Ce troisième chapitre s’intitule « Une conversation ». Il aurait pu avoir pour titre « Partie d’échec », car c’est bien de cela qu’il s’agit entre Aldo et le commandant Marino.
Rappelons-nous, Aldo a vu glisser sur la mer, un petit bâtiment qui se dirigeait vers le large. C’est événement est capital pour Aldo, c’est le signe qui concrétise son envie d’en découdre, de sortir de cette torpeur qui envahit l’Amirauté et Orsenna.
Que fait-il ?
Rappelons-nous, Aldo a vu glisser sur la mer, un petit bâtiment qui se dirigeait vers le large. C’est événement est capital pour Aldo, c’est le signe qui concrétise son envie d’en découdre, de sortir de cette torpeur qui envahit l’Amirauté et Orsenna.
Que fait-il ?
Il fait ce que doit faire tout officier : rendre compte à son supérieur.
Deux phrases préliminaires résument l’état dans lequel se trouve Aldo aant la rencontre : « J’avais hâte d’éprouver sur Marino la réalité même, pourtant indubitable de cette apparition suspecte. » Chaque mot est bien pesé.
« Je devinais que cette découverte ne pouvait lui être agréable, et j’avais le sentiment de le braver, de braver en lui une interdiction secrète, de le forcer à ouvrir son jeu. »
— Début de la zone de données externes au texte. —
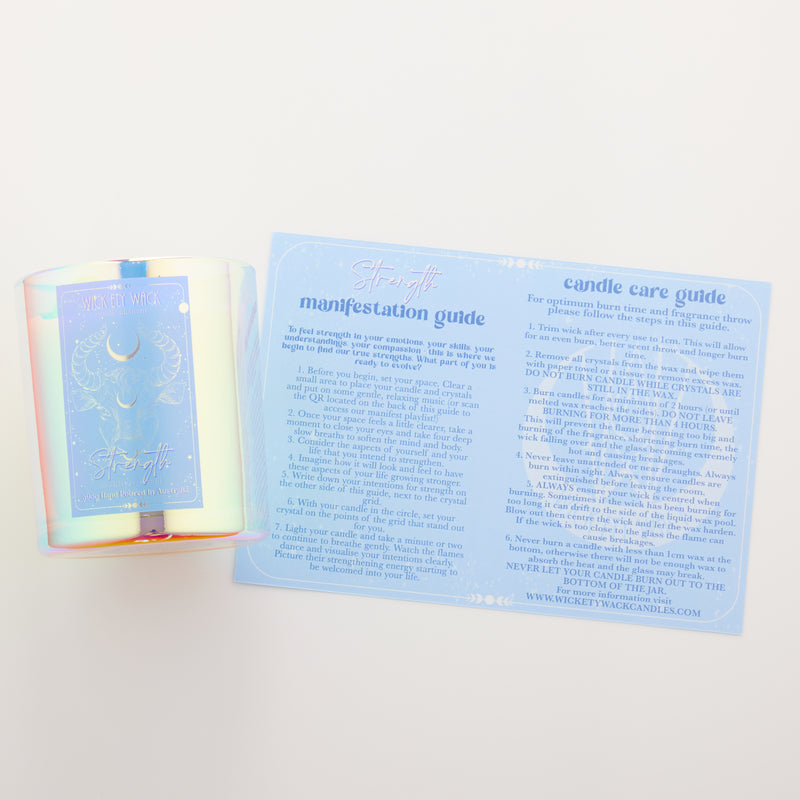 Manifestation Crystal Candle - Strength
Les trois éléments clés de la situation peuvent se résumer ainsi :
- un bateau suspect est apparu sur la mer des Syrtes
- cela ne doit pas plaire à Marino
- il va devoir prendre une décision
La rencontre se passe dans le bureau de Marino. Une phrase admirable décrit l’homme assis à son bureau « La main lente et appliquée de laboureur festonnait d’une grosse encre, au travers des pages, le sillon quotidien. Une longue suite de journées égales, de journées sans date et sans secret, avait forgé cette armure inaltérable dont le toucher dissipait les fantômes, calfaté cette cloche à plongeur où – à jamais comme si de rien n’était – se consommait un prenant mystère d’habitude. »
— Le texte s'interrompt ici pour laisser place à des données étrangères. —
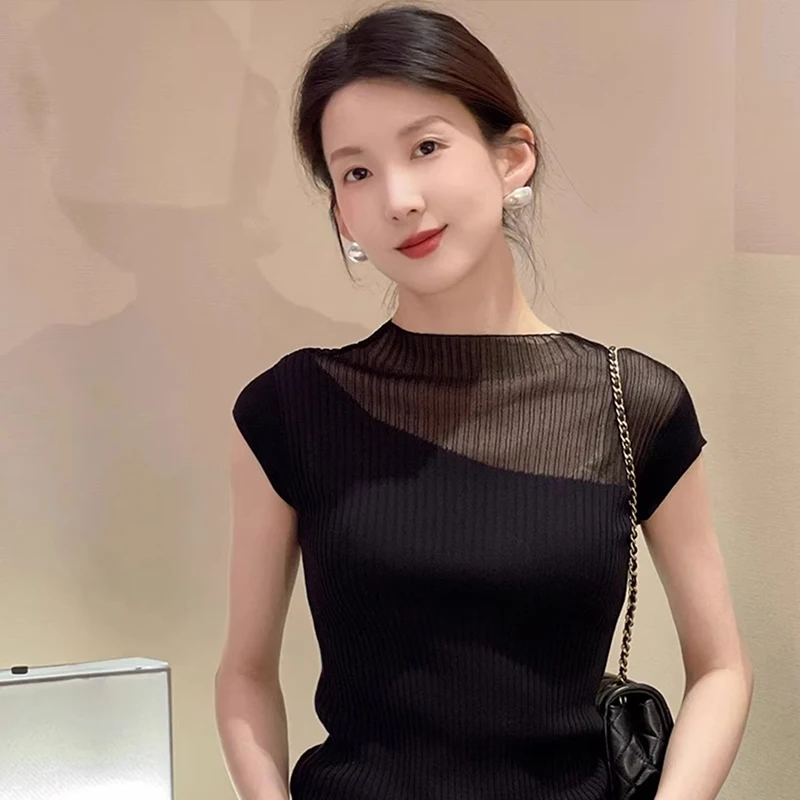 Semi-Transparent Black Silk Knitted Top Short Sleeve Women Summer High-End Ice Silk Shoulder-Length Sleeveless Thin T-Shirt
La partie d’échec s’engage entre le partisan de l’inertie et le partisan du mouvement.
Aldo explique ce qu’il a vu. Marino lui répond qu’il va ordonner une patrouille en mer.
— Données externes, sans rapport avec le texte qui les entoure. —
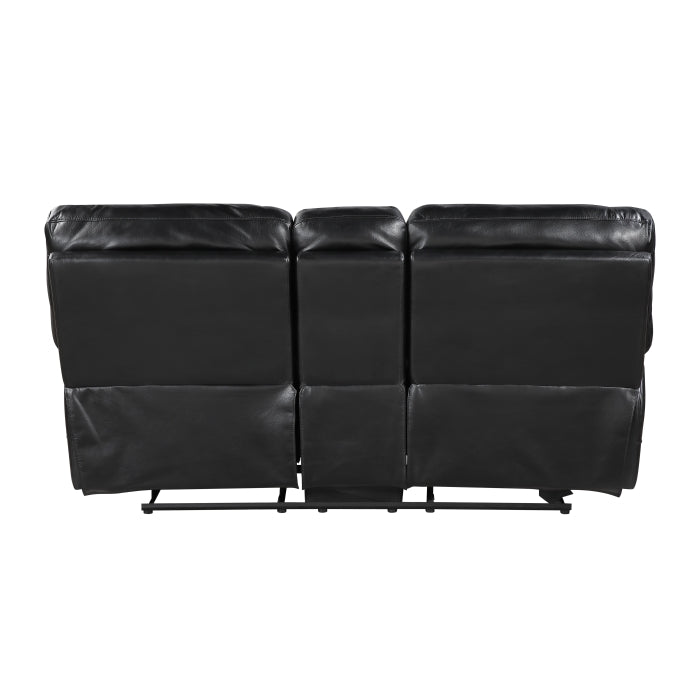 9037BLK-2 Double Reclining Love Seat with Center Console - 9037BLK-2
L’échange est sec et professionnel.
Mais Aldo, veut aller plus loin. Il relance la partie : « Ce qui serait grave ce n’est pas qu’il repasse (le bateau), mais qu’il soit parti pour de bon. » Autrement dit qu’il se soit rendu là-bas !
« Il y a des ports en face de nous. Il y a la côte du Farghestan .» L’attaque est lancée, frontalement… « Il ne sert à rien de fermer les yeux. Après tout nous sommes en guerre. » poursuit Aldo.
Marino, chagriné, gêné, lance sa contre attaque avec la fougue d'un cavalier sur le thème : tu ne sais pas de quoi tu parles, moi la guerre je connais, j’y ai laissé mes doigts.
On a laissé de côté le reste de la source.